CIGAR in sam file not showing mismatches #491

Open mej54 opened 4 years ago

mej54 commented 4 years ago

Hi,

I'm looking at RNAseq data and am trying to identify the number of reads that map to an expressed transgene by using salmon in the quantification mapping mode. I built the reference using a kmer of 15 on a fasta that contains ~1 kb of the target transgene region as the reference sequence.

I started looking at reads that have only one hit to this gene/barcode region (NH:i:1) and I noticed that a lot of these reads have a CIGAR string of 151M, but when I look at them in IGV aligned to my reference sequence, they only match a portion of the reference and the rest of the read contains a lot of mismatches. I'm wondering why in this case the read would say 151M when it contains these mismatches in alignment? Are the CIGAR strings in the salmon *.sam files accurate? I have attached an IGV screenshot for reference.

I ran salmon (v0.9.1) using the following command: salmon quant -i $REF_INDEX -l U -r <(gunzip -c $R2_FASTQ) --writeMapping=$OUT_SAM -o $OUT_QUANT --threads 28

Thank you for any help you may be able to provide!

Screen Shot 2020-03-10 at 3 10 30 PM
rob-p commented 4 years ago

Hi @mej54,

First, thanks for using salmon and for providing detailed feedback! There are two main points I'd like to make in response to the points you raise.

First, v0.9.1 is very old, and there have been a large number of bug fixes and substantial improvements to salmon since that version (though it's much better than people who are still using 0.8.2 from, like, 3 years ago!).
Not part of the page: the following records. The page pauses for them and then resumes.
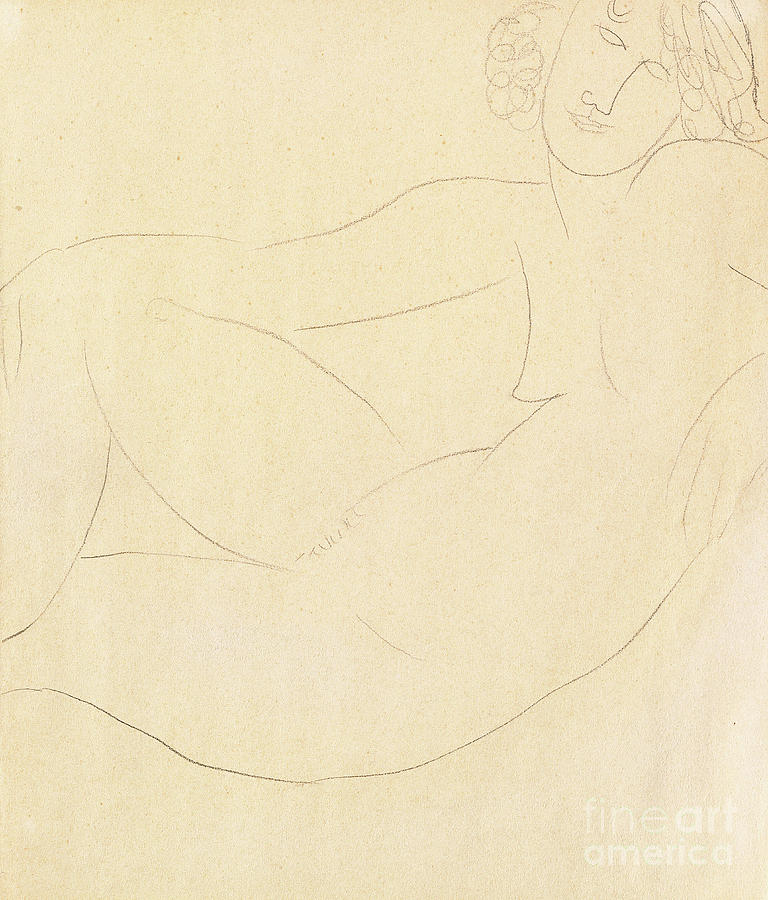 Femme Nue Accoudee, 1918 Drawing by Amedeo Modigliani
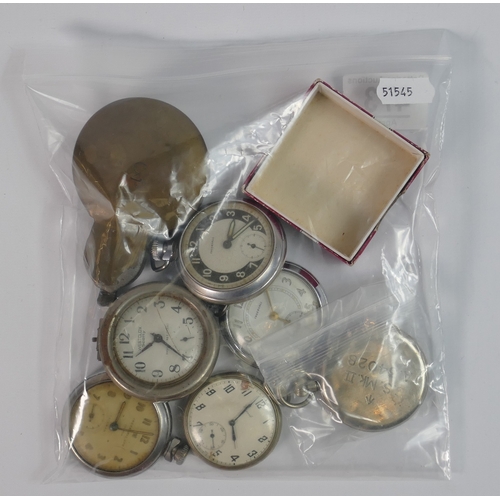 473 - Group of 6 pocket watches inc WWII military pocket watch: Base metal watches 3 x Ingersol, escort, W... 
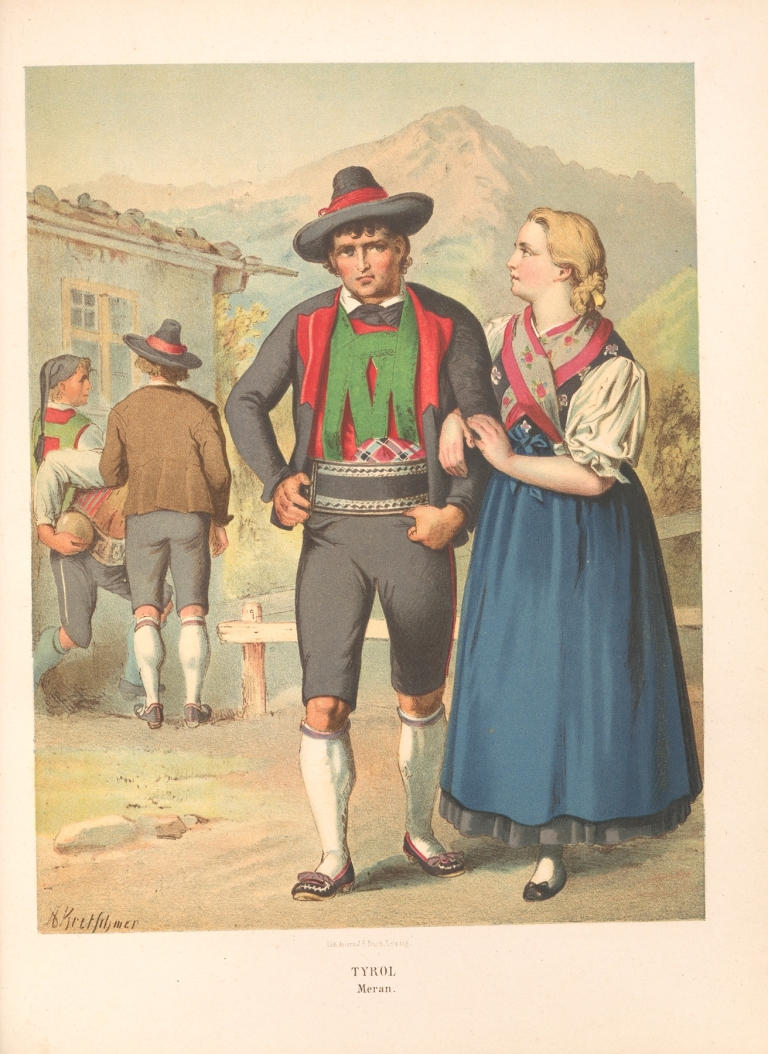 Deutsche Volkstrachten Pl.75 by Albert Kretschmer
Specifically, I'd highly recommend upgrading to the latest version (1.1.0, with 1.2.0 coming out shortly). We've added (and made standard) selective-alignment, which is a procedure that provides alignment scoring for the assigned reads to avoid spurious mappings that arise with fast lightweight mapping procedures.
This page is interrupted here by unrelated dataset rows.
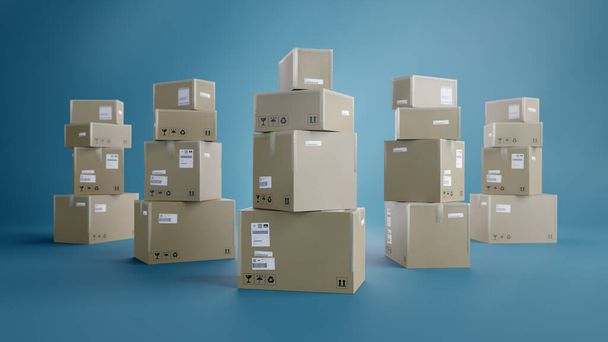 Pile of Cardboard Boxes Collums, For Package, Shipping and Delivery, With Signs and Labels, Blue Background, 3D Illustration - Foto, Imagen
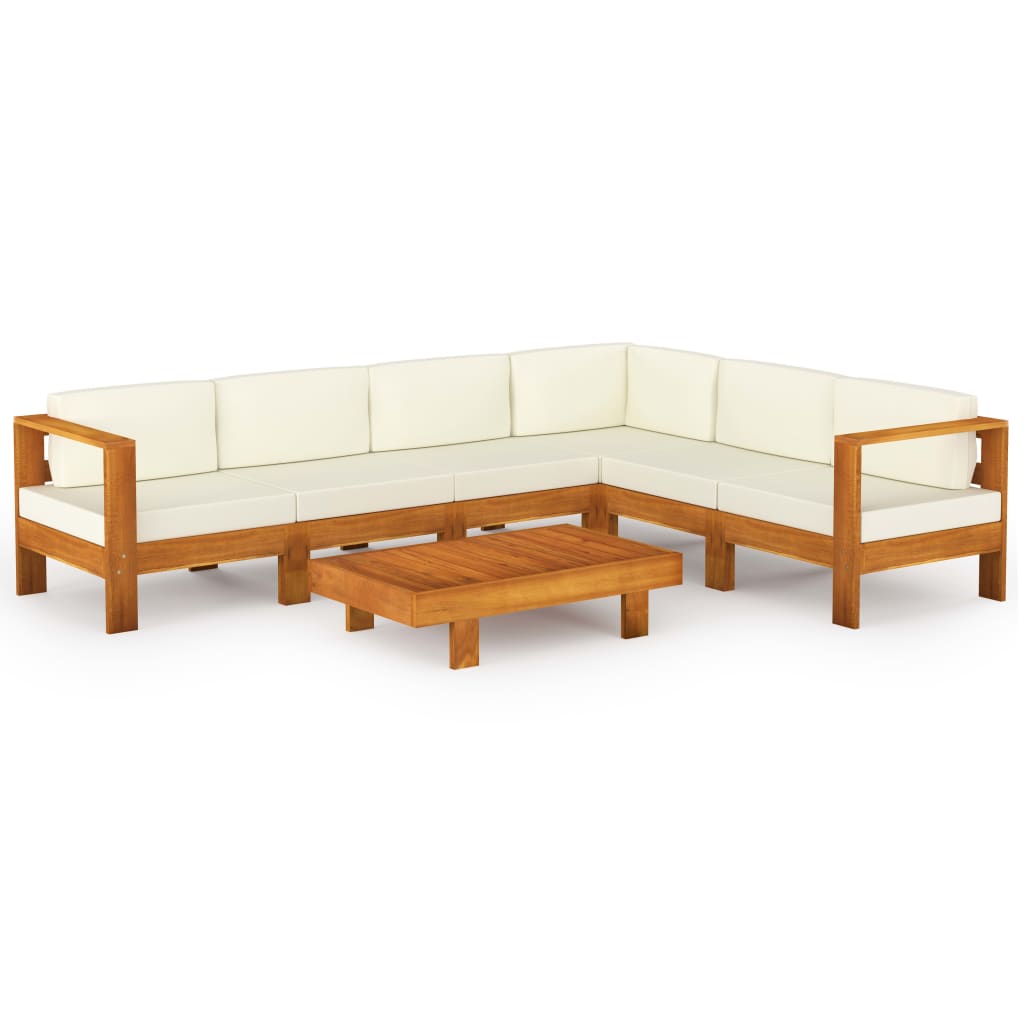 Poza vidaXL Set mobilier gradina perne alb/crem, 7 piese, lemn masiv acacia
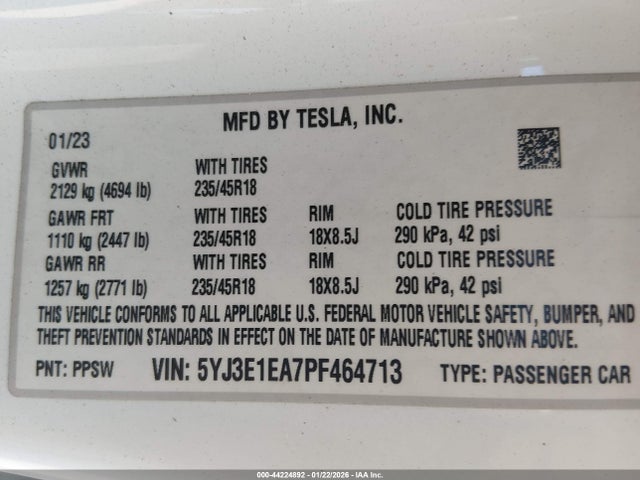 2023 TESLA MODEL 3 5YJ3E1EA7PF464713 Photo 8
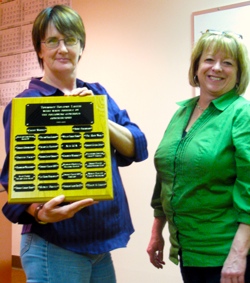 1159a Tonasket City Councilmember Jean Ramsey along with City Clerk Alice Attwood displaying the name plaque honoring the people who donated money so the Holiday Light Committee could buy new snowflake holiday lights which have been on display on poles througho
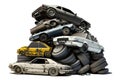 A mountain of old broken cars lying in a junkyard, white background.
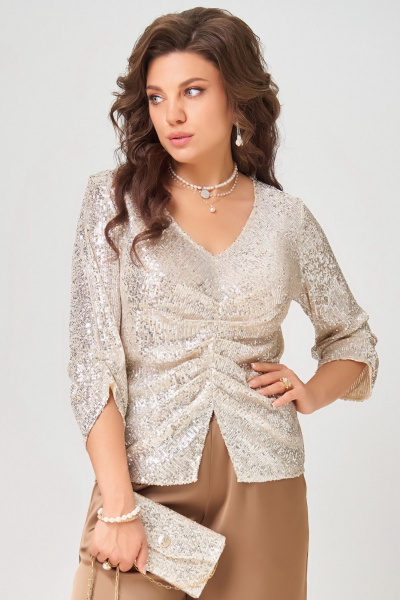 Блуза, брюки Fita 3212 золотисто-бежевый - фото 3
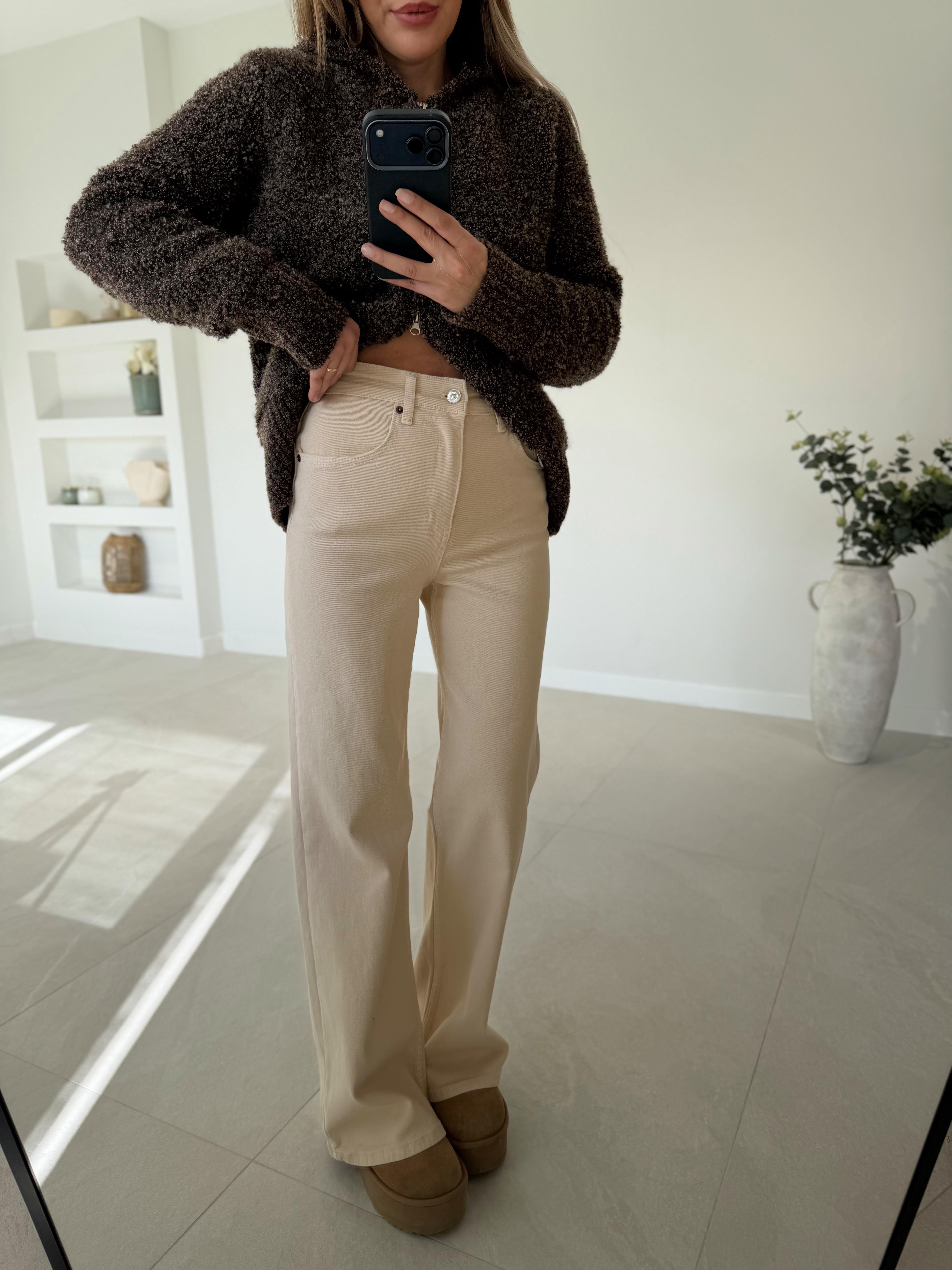 MD Muadil Bej Wide Leg Jean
Second, the observation of mismatching bases at the provided alignment location is the expected behavior with the mappings written by salmon with the --writeMappings option. Specifically, while newer versions of salmon (0.15.0 and greater) will do alignment scoring and removal of low score alignments by default, salmon still does not compute or write out a full CIGAR string for its alignments. Instead, it uses a score-only dynamic program to compute the optimal alignment score at the given location, but it "spoofs" the CIGAR string. Thus, if there is e.g. a small indel in the read, this will show up in an IGV visualization as a large number of mismatches after that indeed location. I'm not sure that is what is happening in the screenshot you show above, and, in fact, may of these mappings may disappear with selective-alignment. However, it will definitely still be possible to see a cigar string showing full matches, where there are mismatches in IGV. This is intended behavior due to score-only alignment. However, it's also true that newer versions of salmon will report the alignment score in an AS tag, so that you can see how high the alignment quality was at the particular location.
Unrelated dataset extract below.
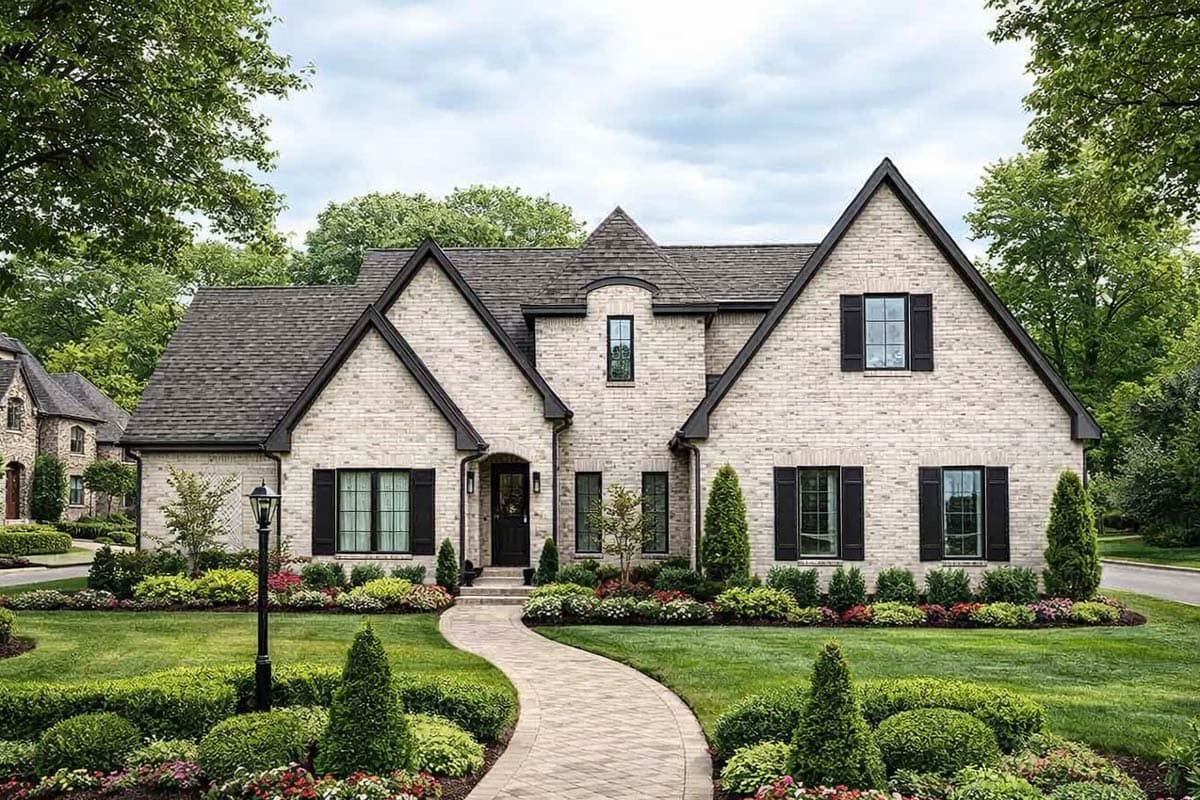 House plan exterior: Two-story brick home with gables, arched entryway, and decorative dormer.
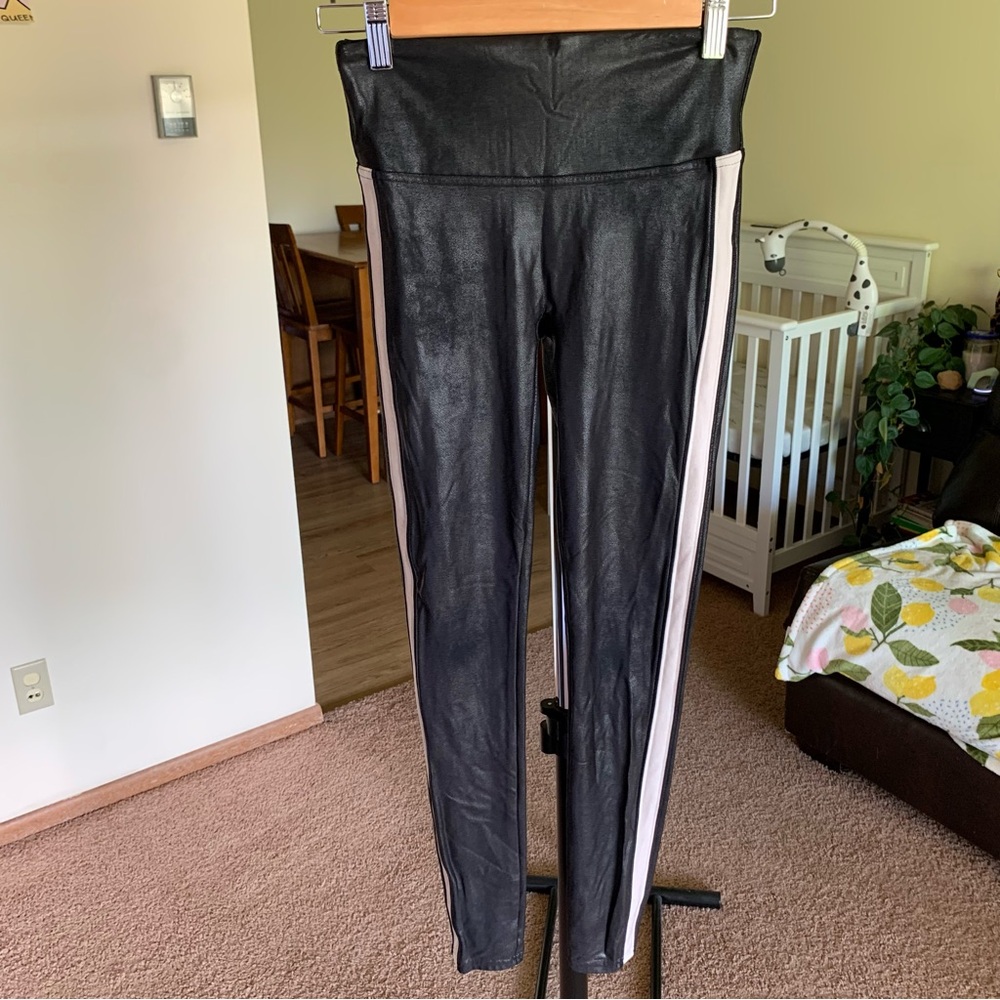 Spanx Faux Leather Tuxedo Side Stripe Leggings XS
mej54 commented 4 years ago

Hi @rob-p,

Thank you for your response/explanation about the CIGAR strings. I had a feeling this was the case based on previous issues I had been reading, but I just wanted to make sure I was understanding correctly about the CIGAR output. I will update to the latest version of Salmon and will check if the selective-alignment helps with these false mappings.

Thanks again!

epruesse commented 2 years ago

@rob-p - How much effort would it be to run a DP with tracing of the alignment? I remember reading that Brian Bushnell managed to fit everything into the CPU cache for BBMap's alignment algorithm, at least for regular read lengths, so the performance impact should be acceptable if done right. Not sure about licenses, but I think there was an optional native C implementation for it in his code base. This would be great to have so the SAM can be used for e.g. basic genotyping for QC purposes.

Alternatively, maybe add a line to the docs of --writeMappings to make sure everyone understands the read alignments will have a score and position, but lack actual alignment and appear as if they were perfect matches.